How is the proximity or the connection line between the keywords are considered?
The stronger the connection between the two keywords, i.e., the amount of co-occurrence, the closer the two keywords appear and the darker the line connections between them. Then we use the forced-directed layout algorithm, which positions the network in a two-dimensional, easy-to-read way.
Tip: In some instances, you may see a cluster of keywords appearing by itself apart from the rest of the clusters. This signals that this issue is discussed separately and not relevant to the other ideas.
Understanding the automated analytics
We use Natural Language Processing (NLP) to give you automated suggestions of inputs that are relevant to your Tags.
Here is how it works:
How do you analyze which inputs are relevant to the specific Tag?

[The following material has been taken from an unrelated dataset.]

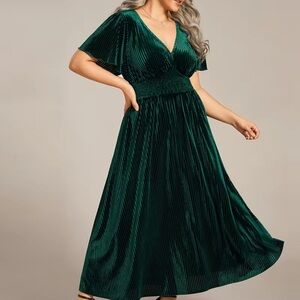 Ever-Pretty 2026 V-Neck Velvet Midi Dress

We use a Natural Language Inference (NLI) model based on BERT, which determines the meaning and context of the Tag and determines whether the input provided is semantically related to the Tag. If the model determines a relevant relation between the Tag and the input with high confidence, we suggest the Tag.
For example, the language model would determine the word "Nature" is highly relevant to the input "I wish there are more trees in the city", and suggest this input for the Tag.
How many languages can Insights work on, and how accurate is it?
Our Insights feature currently works in 16 languages, including; English, Dutch, German, French, Spanish, Portuguese, and Danish. We are constantly working on adding support for more languages. It is considered one of the most accurate models and can detect the contexts of the keywords (e.g., the relation between trees and green). However, as with any computational model, there is a certain degree of false positives & negatives and requires human supervision.